● Records:
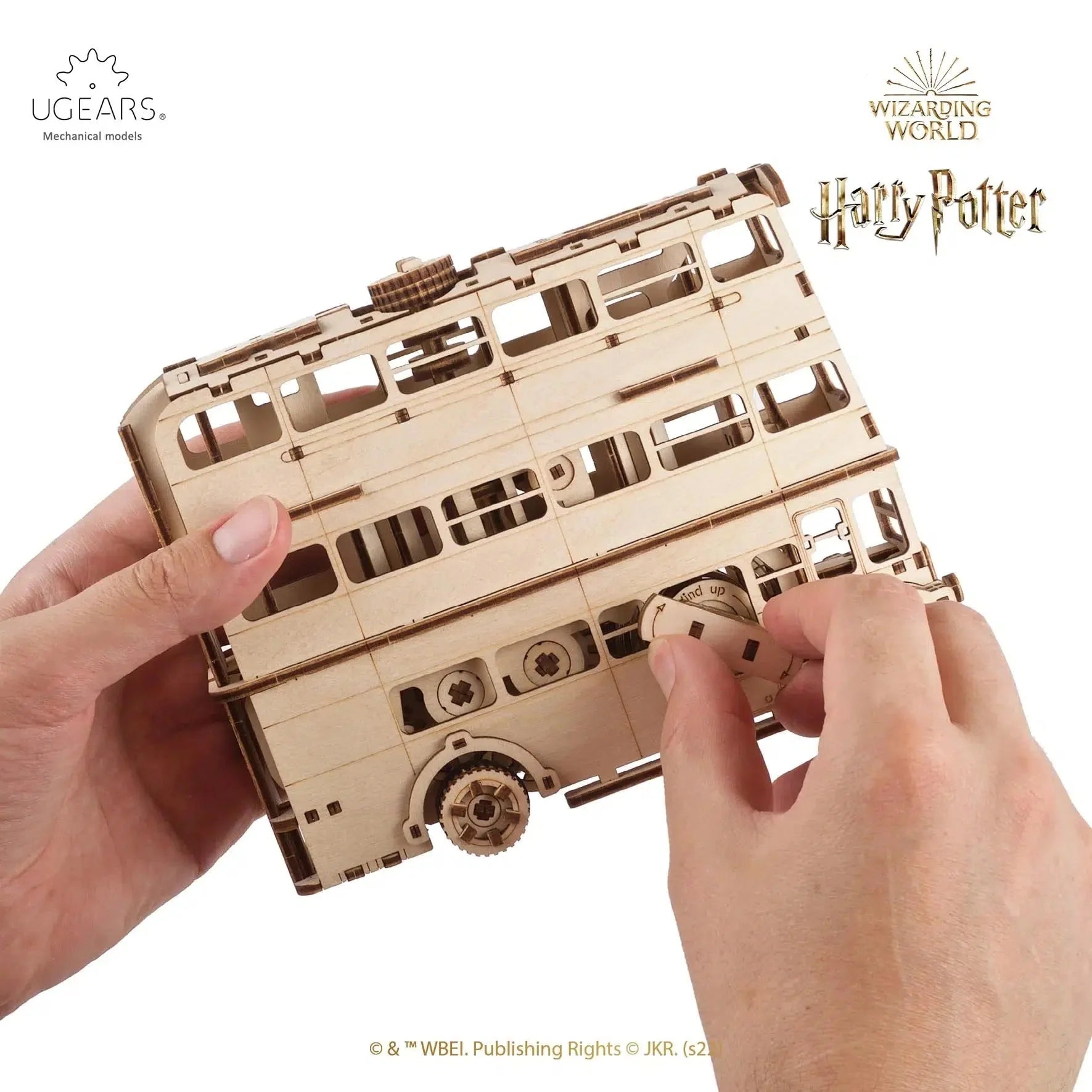 Harry Potter™ Knight Bus™ 3D Wood Model Kit UGEARS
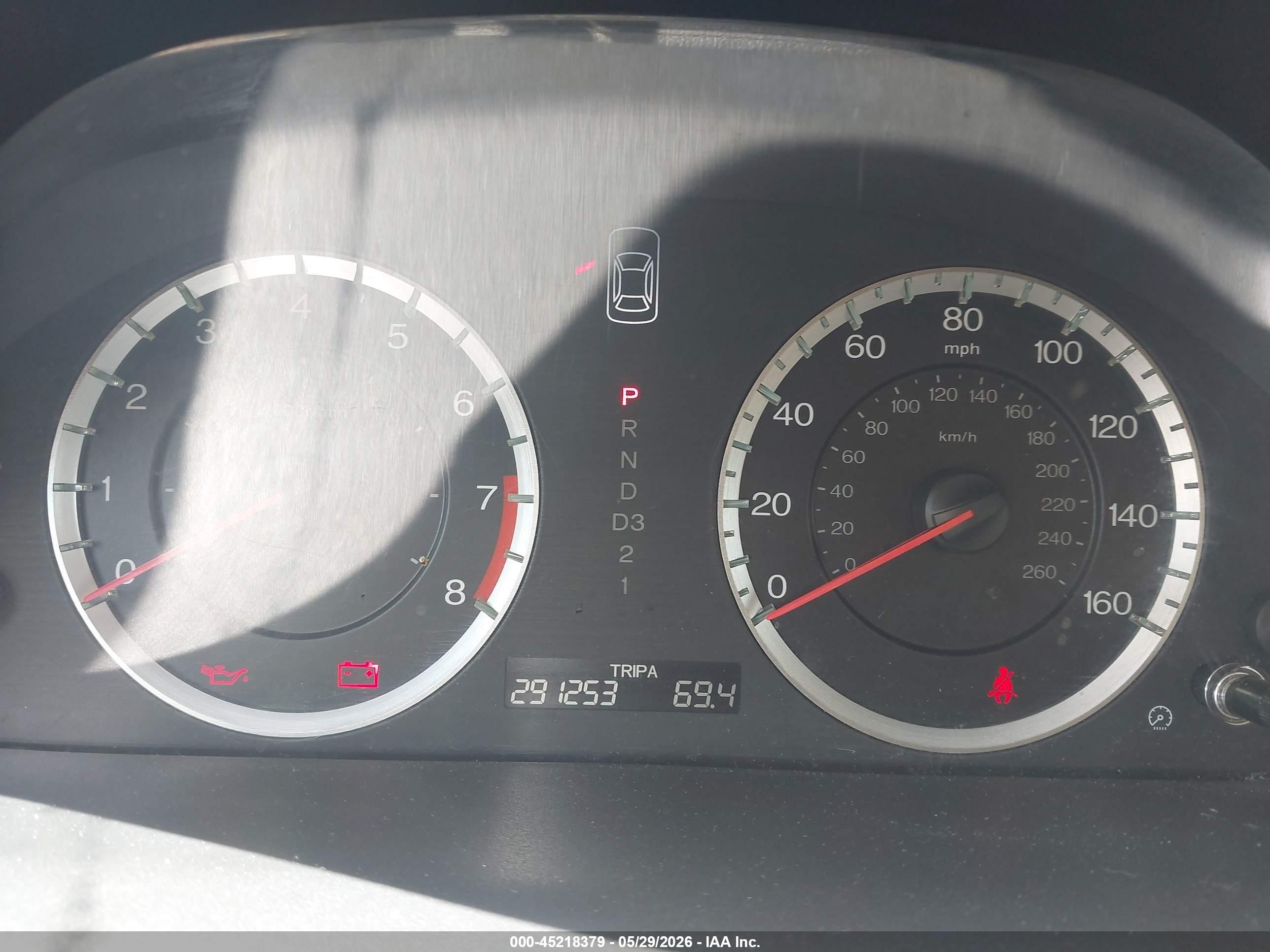 2010 Honda Accord 2.4 Lx-p White vin: 1HGCP2F49AA009355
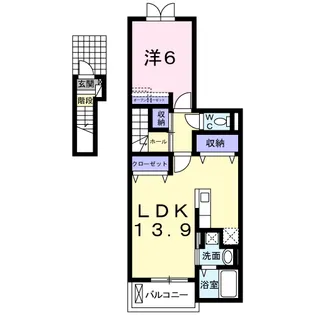 ベル・コリーヌⅠ【2階】の間取り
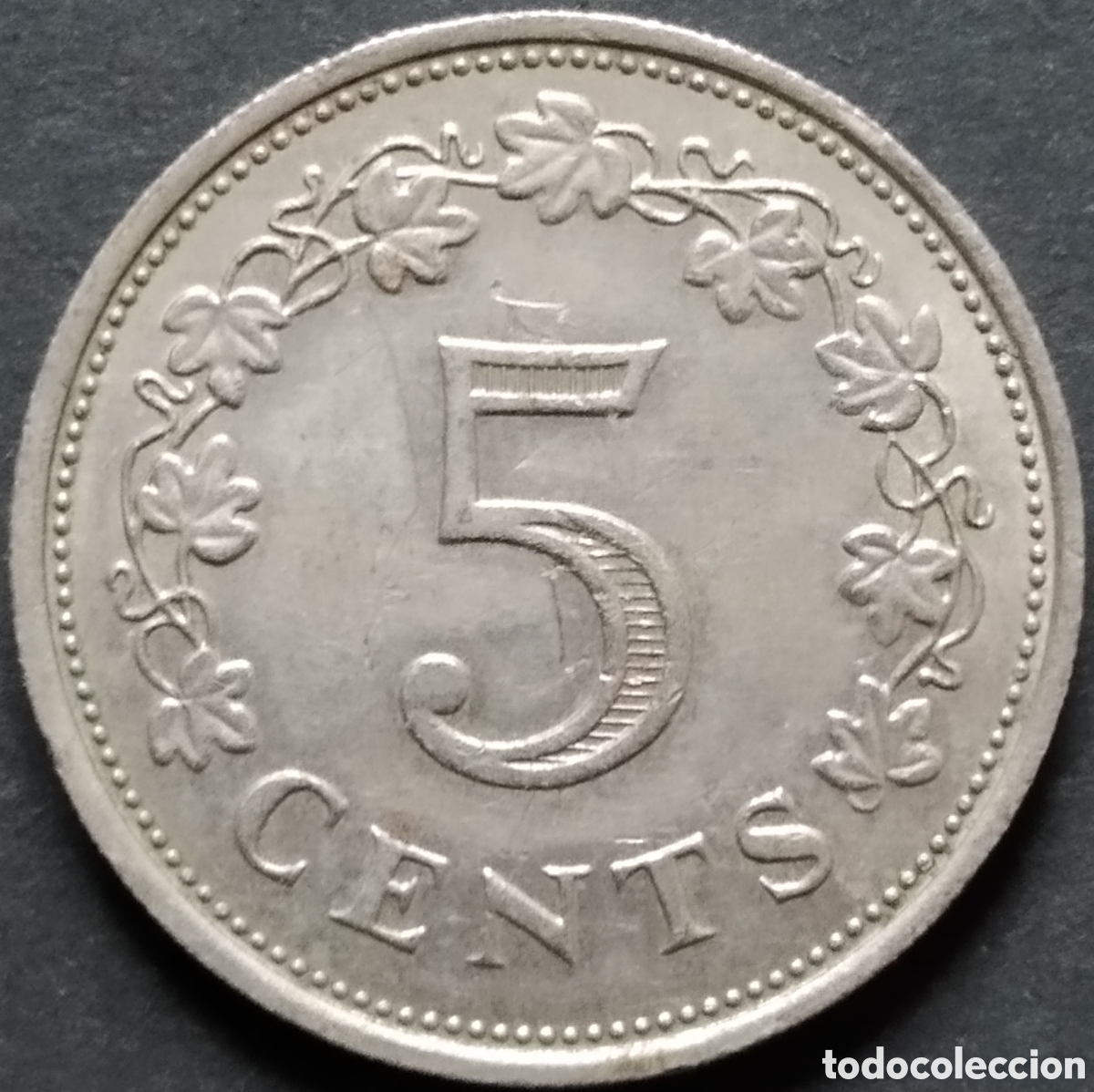 Monedas antiguas de Europa: MONEDA - MALTA 5 CENTS 1972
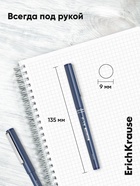 Ручка капиллярная ErichKrause F-15, синий стержень, узел 0.6 мм 3511823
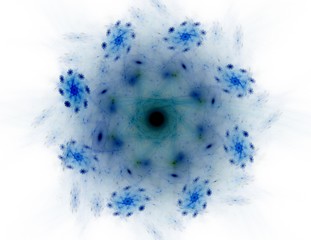 Geometry of Space series. Visually attractive backdrop made of conceptual grids curves and fractal elements suitable as element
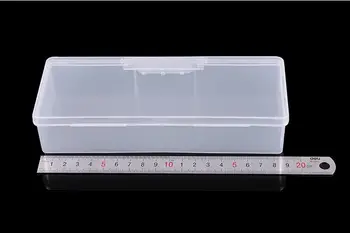 1pc Tatoo Rezilo iglo Škatla za Shranjevanje Ročno Vezenje Microblading Pero Pravokotnik Organizator Zaslon Posodo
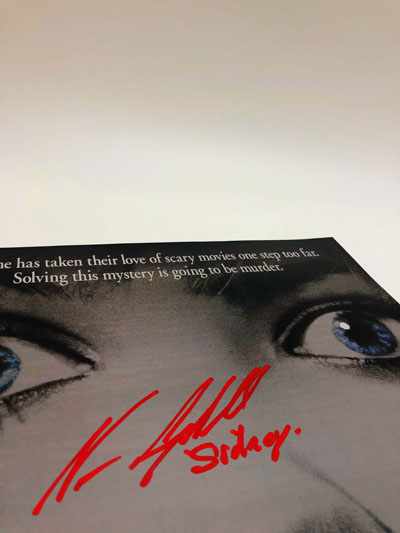 NEVE CAMPBELL (Scream) signiertes</br>Filmposter – Bild 2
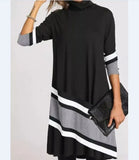 Fashion Printed Collar Long Sleeves Loose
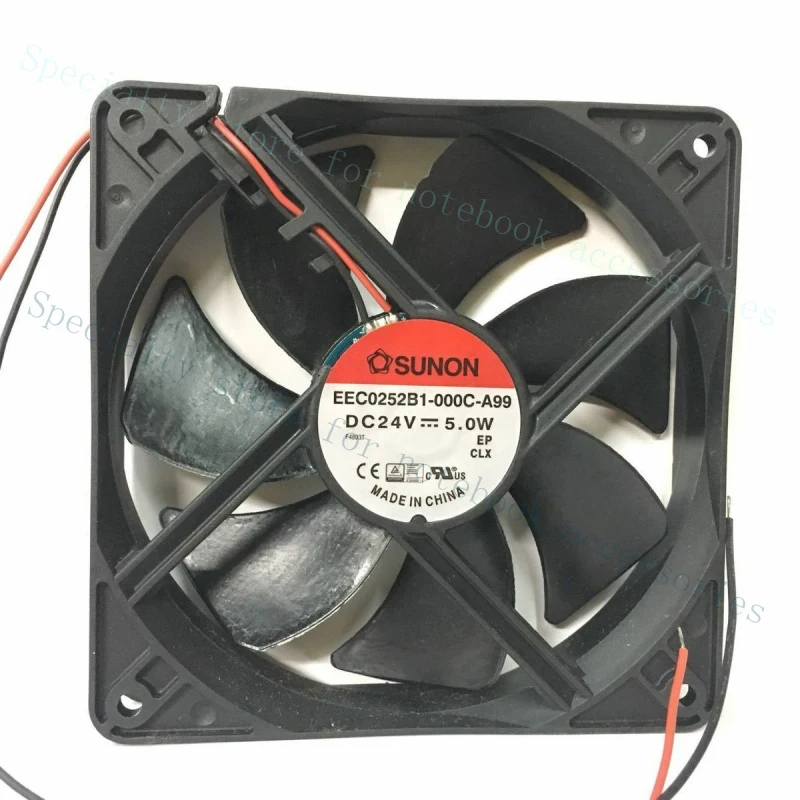A+ SUNON EEC0252B1-000C-A99 12CM 12025 120x120x25mm DC 24V 5.0W 2-line Cooling Fan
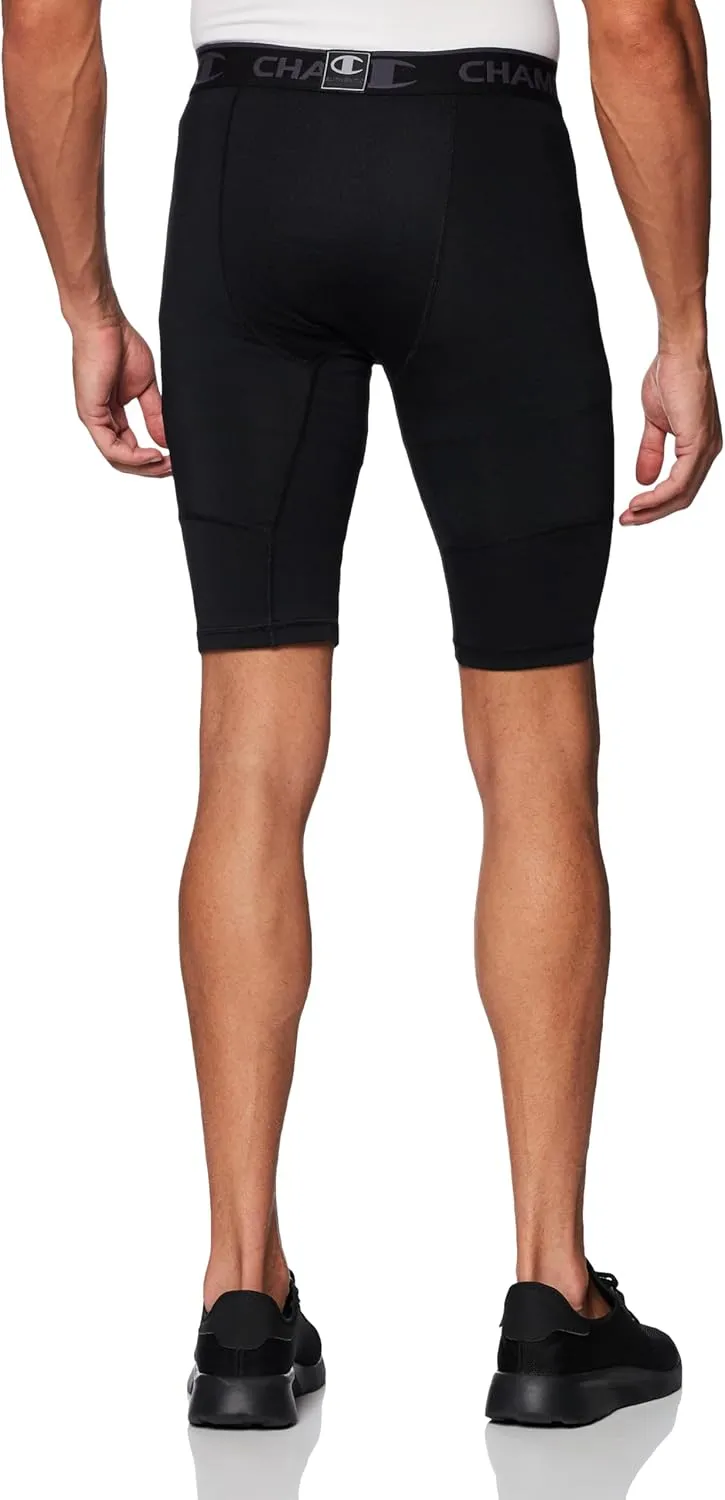 Champion mens Shorts, Compression Shorts With Total Support Pouch, Moisture Wicking, 6" & 9"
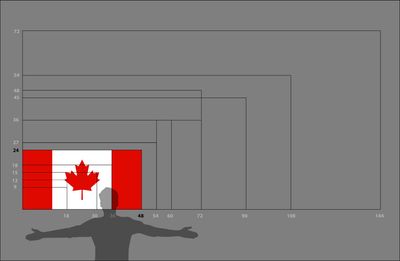 Canada flag medium 24x48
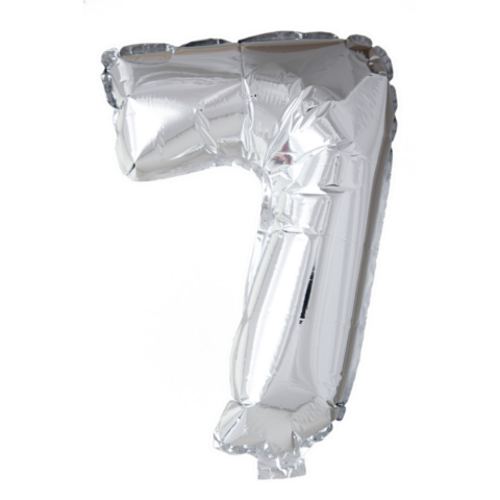 Puhallettava foliopallo nro 7 40cm hopea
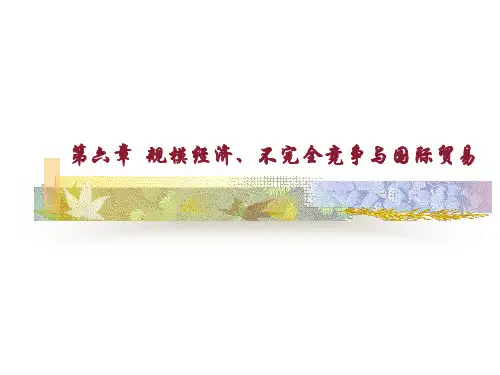 国际经济学第六章  规模经济、不完全竞争与
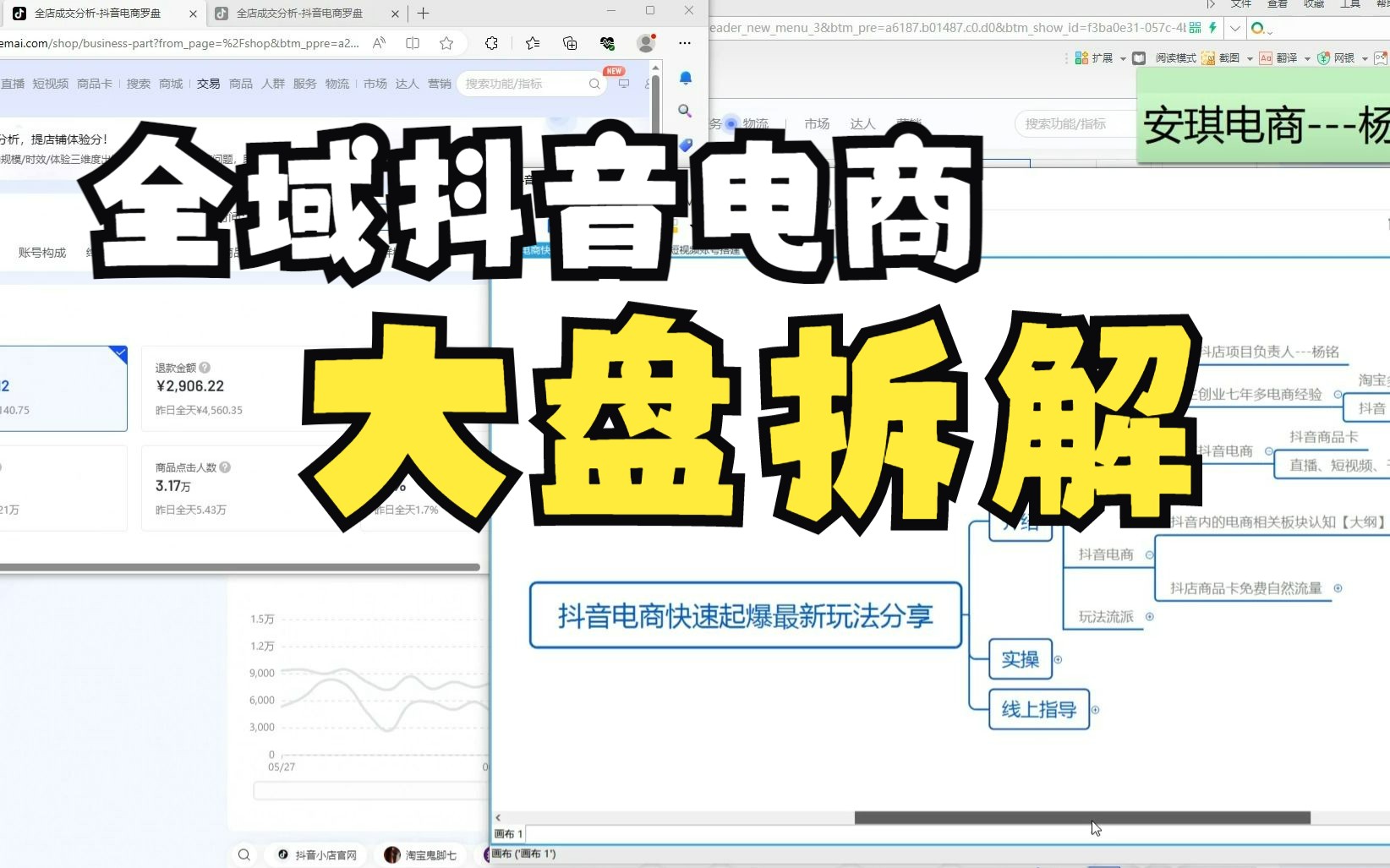 抖音全域电商系列之大盘拆解【抖音小店新人必看!】哔哩哔哩bilibili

● What is needed: Leave out each picture and extract the lines from the one containing "Canada flag medium 24x48" through the end of the records above, inclusive, exactly as they stand.

● Response box:
 Canada flag medium 24x48
 Puhallettava foliopallo nro 7 40cm hopea
 国际经济学第六章  规模经济、不完全竞争与
 抖音全域电商系列之大盘拆解【抖音小店新人必看!】哔哩哔哩bilibili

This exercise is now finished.